====== Source information ======

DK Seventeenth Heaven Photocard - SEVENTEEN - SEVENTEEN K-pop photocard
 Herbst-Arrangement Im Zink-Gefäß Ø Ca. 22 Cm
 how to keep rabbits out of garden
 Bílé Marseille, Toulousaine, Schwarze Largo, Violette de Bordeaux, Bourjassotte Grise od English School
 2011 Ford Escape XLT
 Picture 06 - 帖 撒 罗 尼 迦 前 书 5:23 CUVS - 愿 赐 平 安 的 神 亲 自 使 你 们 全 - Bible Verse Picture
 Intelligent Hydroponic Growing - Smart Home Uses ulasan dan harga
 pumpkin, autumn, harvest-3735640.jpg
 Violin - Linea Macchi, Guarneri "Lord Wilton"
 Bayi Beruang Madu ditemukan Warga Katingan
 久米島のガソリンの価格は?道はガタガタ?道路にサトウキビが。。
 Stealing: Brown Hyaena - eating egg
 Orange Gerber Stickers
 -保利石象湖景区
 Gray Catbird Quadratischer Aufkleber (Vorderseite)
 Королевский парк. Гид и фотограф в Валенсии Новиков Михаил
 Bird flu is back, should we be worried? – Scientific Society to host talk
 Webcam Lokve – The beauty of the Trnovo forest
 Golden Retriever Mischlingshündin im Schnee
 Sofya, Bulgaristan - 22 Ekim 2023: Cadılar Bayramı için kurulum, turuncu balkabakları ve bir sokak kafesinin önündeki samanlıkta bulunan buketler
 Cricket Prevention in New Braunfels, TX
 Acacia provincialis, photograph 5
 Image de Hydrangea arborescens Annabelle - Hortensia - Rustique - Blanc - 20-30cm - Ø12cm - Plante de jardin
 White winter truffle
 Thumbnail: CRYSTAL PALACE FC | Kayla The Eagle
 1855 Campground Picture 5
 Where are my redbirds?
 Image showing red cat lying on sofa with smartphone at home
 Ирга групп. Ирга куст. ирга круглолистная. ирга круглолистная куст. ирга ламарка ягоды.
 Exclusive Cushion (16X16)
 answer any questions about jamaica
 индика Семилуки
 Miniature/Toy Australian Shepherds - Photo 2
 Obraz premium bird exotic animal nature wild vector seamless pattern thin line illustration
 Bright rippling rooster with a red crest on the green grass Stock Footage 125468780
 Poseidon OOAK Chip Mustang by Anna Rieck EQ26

======

◆ **Directions**
A complete, exact repeat of the records is the required answer.

◆ **Written reply**
DK Seventeenth Heaven Photocard - SEVENTEEN - SEVENTEEN K-pop photocard
 Herbst-Arrangement Im Zink-Gefäß Ø Ca. 22 Cm
 how to keep rabbits out of garden
 Bílé Marseille, Toulousaine, Schwarze Largo, Violette de Bordeaux, Bourjassotte Grise od English School
 2011 Ford Escape XLT
 Picture 06 - 帖 撒 罗 尼 迦 前 书 5:23 CUVS - 愿 赐 平 安 的 神 亲 自 使 你 们 全 - Bible Verse Picture
 Intelligent Hydroponic Growing - Smart Home Uses ulasan dan harga
 pumpkin, autumn, harvest-3735640.jpg
 Violin - Linea Macchi, Guarneri "Lord Wilton"
 Bayi Beruang Madu ditemukan Warga Katingan
 久米島のガソリンの価格は?道はガタガタ?道路にサトウキビが。。
 Stealing: Brown Hyaena - eating egg
 Orange Gerber Stickers
 -保利石象湖景区
 Gray Catbird Quadratischer Aufkleber (Vorderseite)
 Королевский парк. Гид и фотограф в Валенсии Новиков Михаил
 Bird flu is back, should we be worried? – Scientific Society to host talk
 Webcam Lokve – The beauty of the Trnovo forest
 Golden Retriever Mischlingshündin im Schnee
 Sofya, Bulgaristan - 22 Ekim 2023: Cadılar Bayramı için kurulum, turuncu balkabakları ve bir sokak kafesinin önündeki samanlıkta bulunan buketler
 Cricket Prevention in New Braunfels, TX
 Acacia provincialis, photograph 5
 Image de Hydrangea arborescens Annabelle - Hortensia - Rustique - Blanc - 20-30cm - Ø12cm - Plante de jardin
 White winter truffle
 Thumbnail: CRYSTAL PALACE FC | Kayla The Eagle
 1855 Campground Picture 5
 Where are my redbirds?
 Image showing red cat lying on sofa with smartphone at home
 Ирга групп. Ирга куст. ирга круглолистная. ирга круглолистная куст. ирга ламарка ягоды.
 Exclusive Cushion (16X16)
 answer any questions about jamaica
 индика Семилуки
 Miniature/Toy Australian Shepherds - Photo 2
 Obraz premium bird exotic animal nature wild vector seamless pattern thin line illustration
 Bright rippling rooster with a red crest on the green grass Stock Footage 125468780
 Poseidon OOAK Chip Mustang by Anna Rieck EQ26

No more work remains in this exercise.